Hi! Congratulations to the 500 followers! 😄
I have a JoJo question: If you'd have a stand, what would be it's name and abilities?
Mine would have a bit of a weird name (in the world of JoJo at least), because it's name would be a "modern" band, Starset (they're my favourite band 😅) It would look like an astronaut similar to the cover of the band's first album, Transmissions, with a blue-purpleish colourpalette:
It's powers would be similar to Hermit Purple but it could send messages with the help of any communication tools into the past or into the future too. This ability's name would be Transmissions; this ability was inspired by the music video of My Demons which is on the mentioned album. And when this ability activates, the stand's colourpalette would change into red-orange-purple-blue and wold change similarly to most of the videos for the fourth album, Horizon.
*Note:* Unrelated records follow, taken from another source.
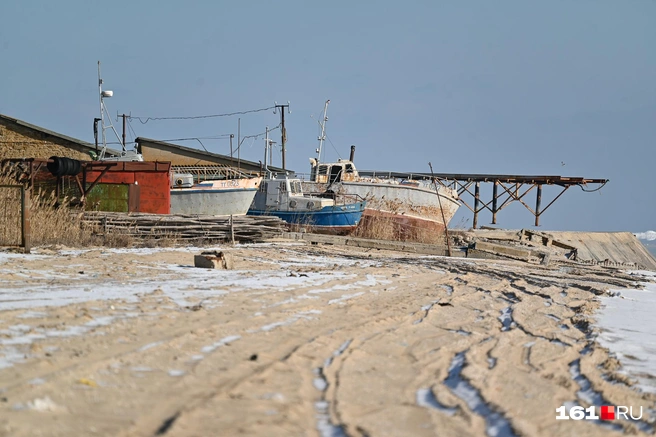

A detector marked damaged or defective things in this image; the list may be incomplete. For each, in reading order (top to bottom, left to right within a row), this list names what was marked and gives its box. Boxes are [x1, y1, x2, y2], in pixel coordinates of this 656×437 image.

rusted metal structure [0, 158, 172, 214]
rusted metal structure [356, 169, 608, 228]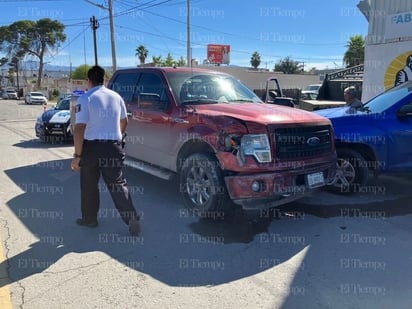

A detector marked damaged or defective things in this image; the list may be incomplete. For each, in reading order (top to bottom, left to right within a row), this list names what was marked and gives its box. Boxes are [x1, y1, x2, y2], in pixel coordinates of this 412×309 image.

damaged red pickup truck [108, 67, 336, 215]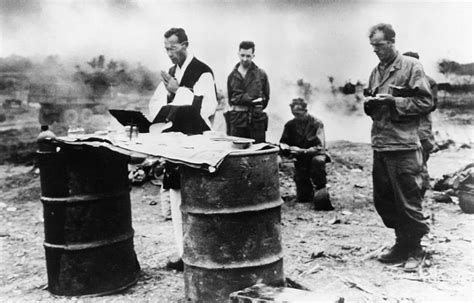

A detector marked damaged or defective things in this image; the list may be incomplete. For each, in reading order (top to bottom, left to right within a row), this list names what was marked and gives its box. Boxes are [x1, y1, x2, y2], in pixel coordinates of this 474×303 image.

rusty oil drum [36, 142, 140, 296]
rusty oil drum [181, 147, 286, 302]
And I think it would have a passive ability that would work like an inventory with the name Manifest. A different pocketdimension or something where things can be stored and brought back in my hands.
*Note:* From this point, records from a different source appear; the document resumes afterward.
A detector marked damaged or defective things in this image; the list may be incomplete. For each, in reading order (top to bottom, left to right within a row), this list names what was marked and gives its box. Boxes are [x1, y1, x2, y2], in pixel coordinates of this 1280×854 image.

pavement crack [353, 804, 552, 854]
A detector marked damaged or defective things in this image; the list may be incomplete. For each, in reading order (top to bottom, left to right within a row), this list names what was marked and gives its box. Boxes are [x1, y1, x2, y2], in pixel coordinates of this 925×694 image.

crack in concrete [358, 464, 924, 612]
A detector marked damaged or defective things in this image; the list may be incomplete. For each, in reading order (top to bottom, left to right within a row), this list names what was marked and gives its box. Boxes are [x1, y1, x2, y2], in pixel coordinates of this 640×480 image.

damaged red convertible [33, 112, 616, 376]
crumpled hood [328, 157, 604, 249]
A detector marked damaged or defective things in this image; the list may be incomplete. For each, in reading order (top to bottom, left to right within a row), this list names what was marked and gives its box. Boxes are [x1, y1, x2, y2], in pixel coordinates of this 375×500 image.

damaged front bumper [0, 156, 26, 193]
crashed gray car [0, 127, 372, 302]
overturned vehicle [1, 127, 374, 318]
God, sorry for this long essay, I hope it wasn't too annoying 😅 I'm curious what yours would be.
Here, would you like some coconutballs? I made them tonight. Sorry if you don't like them or if you're allergic to coconut. But it has cherries in them 😏🍒
I hope your Christmas was great!
Oh my goodness hello!!! thank you so much for the congratulations, it is seriously amazing that I have made it this far in such a short amount of time and am growing faster by the day!!
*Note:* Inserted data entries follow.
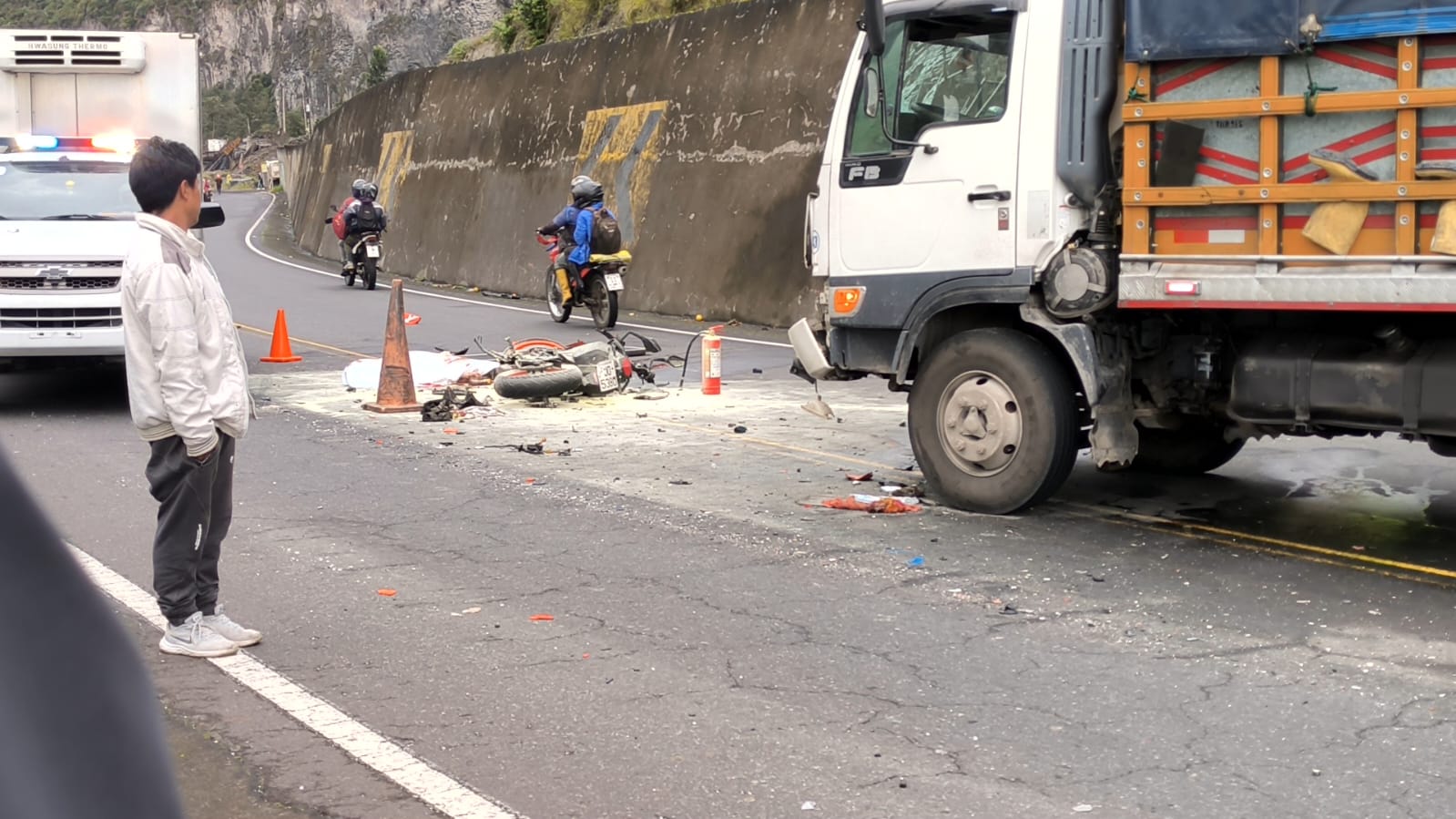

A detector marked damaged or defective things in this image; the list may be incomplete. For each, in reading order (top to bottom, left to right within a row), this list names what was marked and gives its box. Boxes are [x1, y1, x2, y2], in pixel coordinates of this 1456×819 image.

wrecked motorcycle [535, 230, 626, 327]
rusty traffic cone [260, 307, 302, 361]
rusty traffic cone [362, 278, 422, 411]
detached motorcycle part [494, 363, 585, 399]
wrecked motorcycle [477, 326, 681, 399]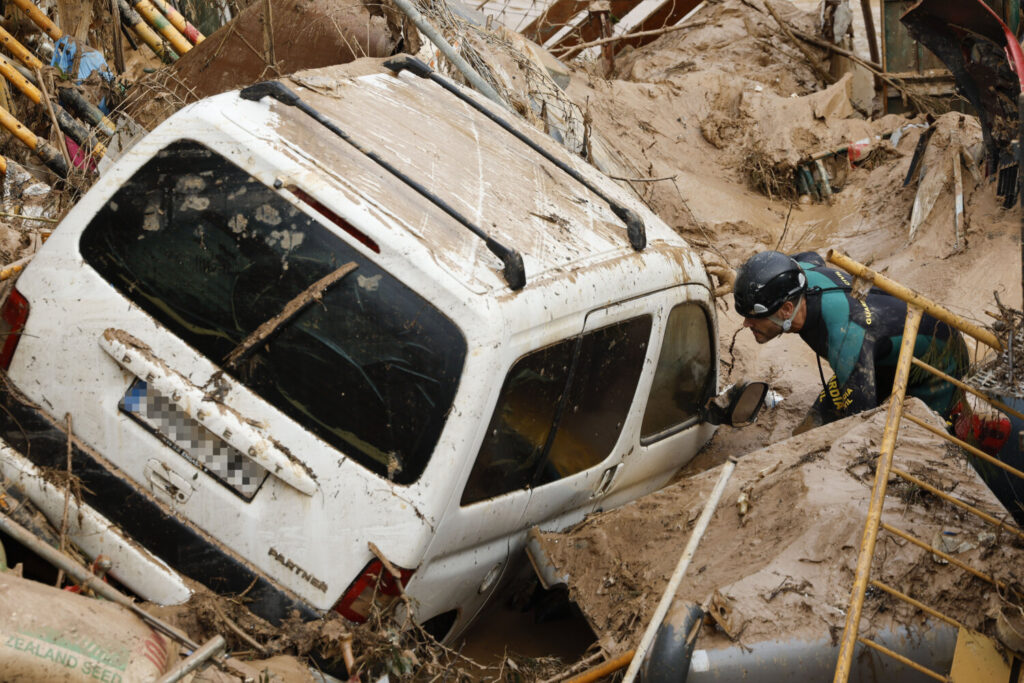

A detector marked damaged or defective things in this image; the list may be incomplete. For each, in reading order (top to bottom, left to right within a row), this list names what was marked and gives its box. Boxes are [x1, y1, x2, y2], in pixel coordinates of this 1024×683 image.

rusty metal bar [823, 248, 999, 350]
rusty metal bar [909, 356, 1024, 423]
rusty metal bar [901, 411, 1024, 481]
rusty metal bar [827, 305, 925, 683]
rusty metal bar [888, 466, 1024, 540]
rusty metal bar [884, 524, 1019, 598]
rusty metal bar [868, 581, 962, 630]
rusty metal bar [851, 638, 946, 679]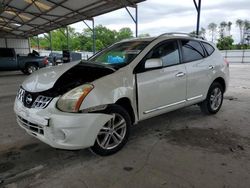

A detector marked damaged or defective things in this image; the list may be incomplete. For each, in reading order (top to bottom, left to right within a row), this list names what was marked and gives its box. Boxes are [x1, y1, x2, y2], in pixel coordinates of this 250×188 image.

damaged hood [22, 61, 79, 92]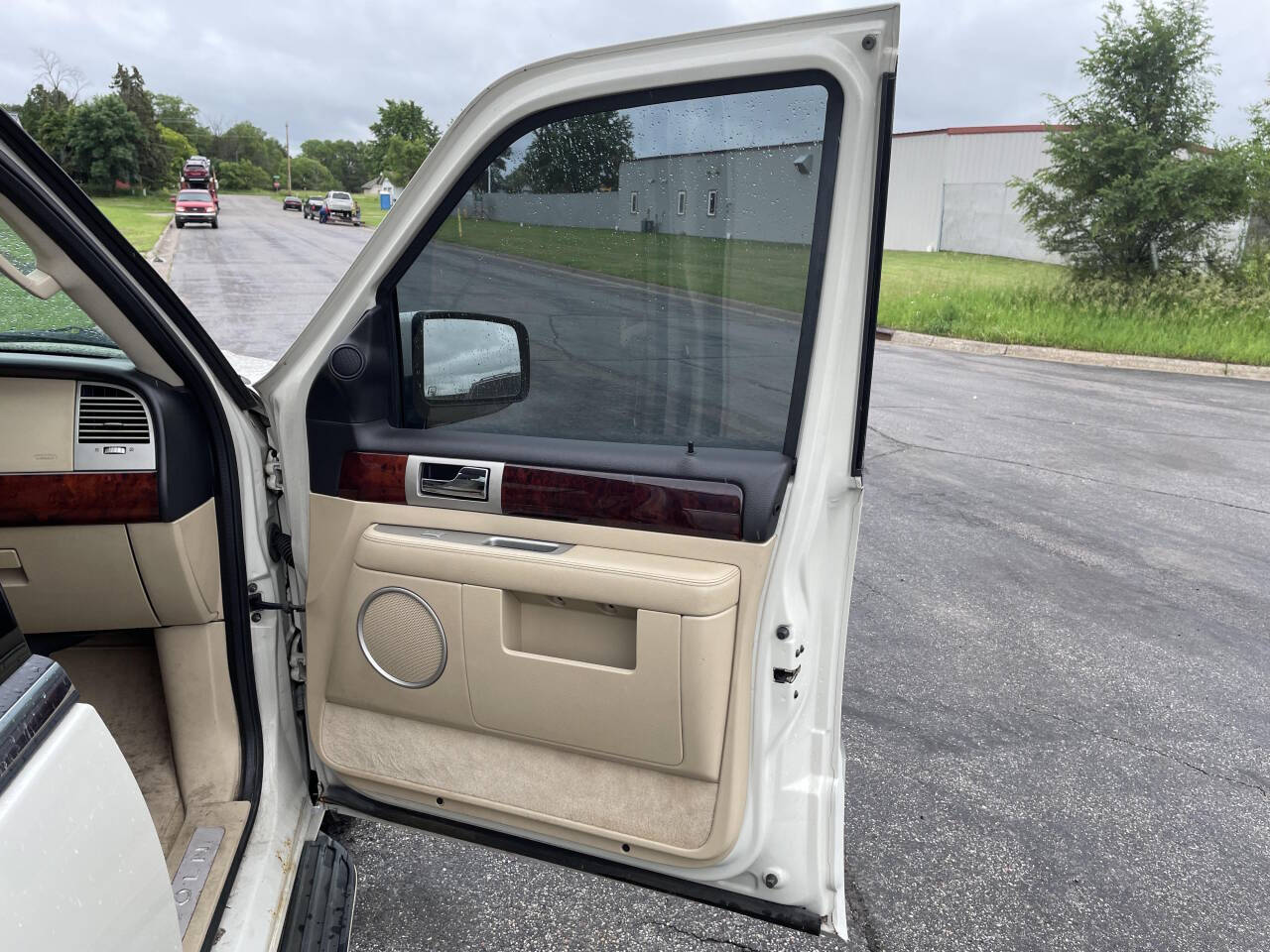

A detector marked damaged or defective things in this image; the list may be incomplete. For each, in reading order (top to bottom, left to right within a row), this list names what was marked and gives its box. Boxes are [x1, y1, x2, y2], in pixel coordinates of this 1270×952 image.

road surface crack [1026, 710, 1264, 801]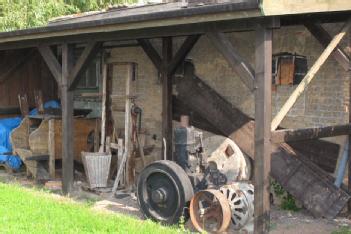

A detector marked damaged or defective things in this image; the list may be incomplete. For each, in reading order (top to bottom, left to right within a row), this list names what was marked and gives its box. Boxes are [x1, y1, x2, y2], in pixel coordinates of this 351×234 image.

rusty metal equipment [191, 189, 232, 233]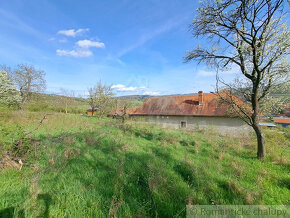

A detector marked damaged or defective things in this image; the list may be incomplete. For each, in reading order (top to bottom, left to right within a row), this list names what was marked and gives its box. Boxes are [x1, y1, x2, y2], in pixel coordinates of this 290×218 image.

rusty red roof [129, 91, 245, 116]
you put so much thought into your stand and that literally sounds awesome!!
i feel like as the more jojo's progresses, the more complicated it's stands get lmaoooo
this is actually such a difficult question lmao
i had someone ask me what my stands name would be and I said Still Life like the song by Sitcom to keep with the music theme jojo has, but also Demon Days (like Gorillaz) would be cool
i would definitely want some sort of teleportation ability because convenience is everything to me. and maybe to keep it complicated jojo's style i could teleport to other dimensions or it even just teleports me to a random place instead of where i choose because jojo's can be like that fr sometimes lmaooo
also, yes i would love a coconut ball! those look delicious! so thank you very much!!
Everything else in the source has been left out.